Realtime Data Warehouse Challenges – Part 2

Last time I mentioned some of the challenges of taking realtime feeds and publishing them into a data warehouse. This time I am going propose a way to meet those challenges.

But before that I will take a small detour around what Oracle refers to as their Reference Data Warehouse and Business Intelligence Architecture. Here we are dividing the data warehouse into three "sections": "staging" which is a local copy of data from the source systems; "foundation" which is typically a "process neutral" 3NF representation of the business data such as "customer", "product" and "orders". It is likely to be different in structure from the staged tables in that it could well be the merging of data from multiple sources, for example customer attributes could come from both CRM and ERP systems. This foundation layer is likely to be versioned (that is, whenever a dimensional attribute changes a new, current version is created) and non-aggregated. The data in this layer are our BI jewels; we don't know what future analysis and data mining needs will be and by aggregating things we lose the flexibility we might need; remember there is no UNGROUP BY clause in SQL. The third tier is performance and access layer where we typically present optimized table structures to the query tools, it's here that we have the aggregated tables, bitmap indexes and all of those other 'traditional' data warehouse features. This not really a revolutionary (or even new) architecture - I have been doing similar things in my data warehouse design since the 1990s.

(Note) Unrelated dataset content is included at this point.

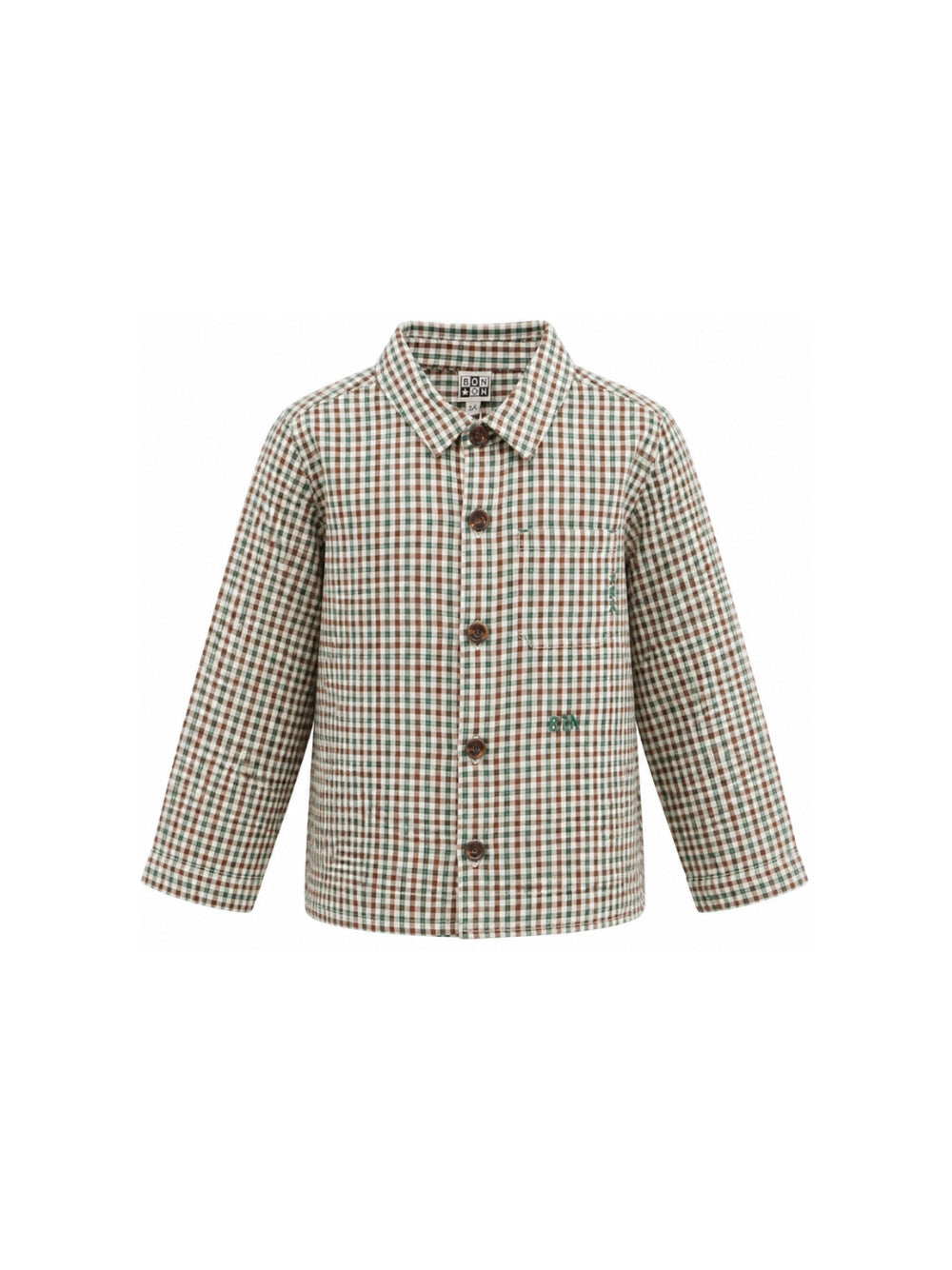 Camicia per bambino Bonton Kids beige con design a quadri BD12013 938 BONTON KIDS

One of the key things to note is that the staging tables for the dimensional data should be complete replicas of the source tables and not just a set of extracted rows provided by the source data owner. Here is the ideal place to bring in replication technology and hence the beginnings of a real time data warehouse. Fact (or more accurately in this case "events") in the staging area are not going to be full replicas of the fact source but rather all of the events that have occurred since the last load, agin this can be achieved by realtime replication. Remember we only need to replicate the tables of interest and not all of the structures of the source applications. At first glance it might seem extravagant to have effectively three copies of dimensional data (one in each layer) and two of facts - but these days disk is cheap and it is also (tongue firmly in cheek) a good way to use some more of the disk space you had to buy to get the required data throughput.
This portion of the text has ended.